Martinez, Pedro (1971–)

Born in Manoguayabo, Dominican Republic, on October 25, 1971, the fifth of six children of a single mother, Martinez is one of the outstanding Latin American pitchers in Major League Baseball. Despite his unimpressive height and physique, Martinez in his prime had a fastball that could reach up to 97 miles per hour. He had a changeup the equal of which teammate Johnny Damon said he had never seen, as well as a great curve ball. Combined with his pinpoint control and an aggressive approach toward batters who crowd the plate, he has been an extremely intimidating pitcher. Martinez's best years have been compared favorably to those of the best in the game—Sandy Koufax, for example. He has the highest all-time winning percentage of any starting pitcher with more than 200 decisions.

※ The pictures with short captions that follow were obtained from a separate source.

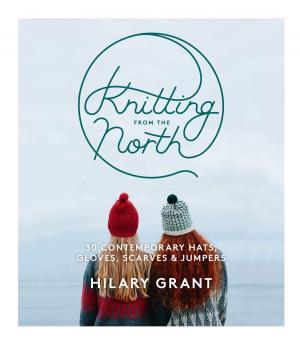 Cover of the book Knitting From the North by John Hughes-Wilson
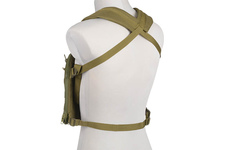 Kamizelka taktyczna Navigator Chest Rig - oliwkowa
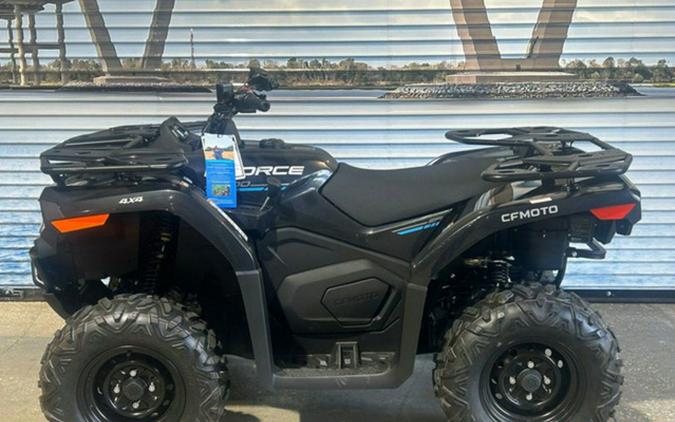 2026 CFMOTO CF400AZ-6S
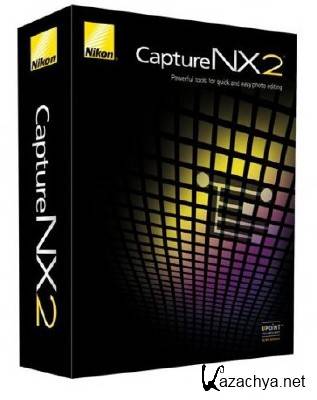 Nikon Capture NX2 v2.3.2 Rus Portable by Maverick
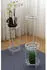 HOFMANN LIVING AND MORE Beistelltisch mit 2 Sicherheitsglasplatten, weiß, 27x45x28cm (415351-0)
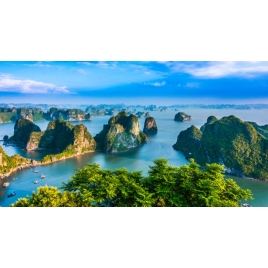 Séjour au Vietnam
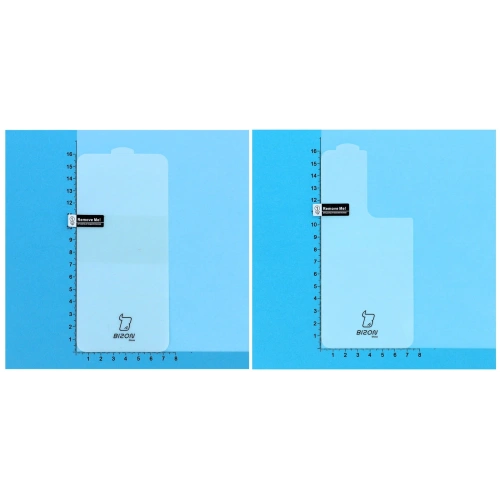 Folia hydrożelowa na tył i przód Bizon Glass Hydrogel Samsung Galaxy S21 Ultra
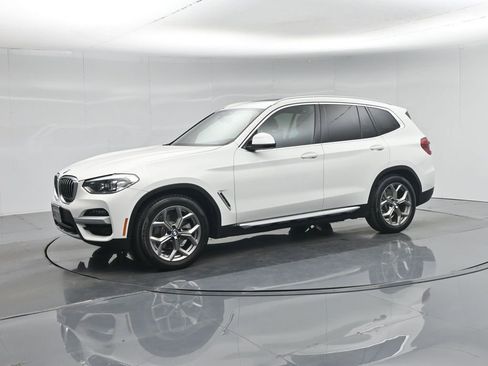 Used 2021 BMW X3 sDrive30i w/ Convenience Package RWD image 30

Martinez followed his brother Ramón, also a pitcher, into the major leagues. He was signed by the Los Angeles Dodgers in 1988 and first pitched in the major leagues in September 1992 but was traded after the 1993 season to the Montreal Expos. By 1997 Martinez was one of the game's best, playing on one of the weakest teams, winning seventeen games that year with a league-leading 1.90 earned run average (ERA), a strikeout total of 305, and his first Cy Young Award. Despite these impressive achievements, it was during his seven seasons with the Boston Red Sox, beginning in 1998, that he became a star, compiling a 101-28 record with the team. He led the American League in ERA four times and won the Cy Young Award an additional two times. No pitcher before him had ever been a unanimous choice for the award two years running (1999 and 2000).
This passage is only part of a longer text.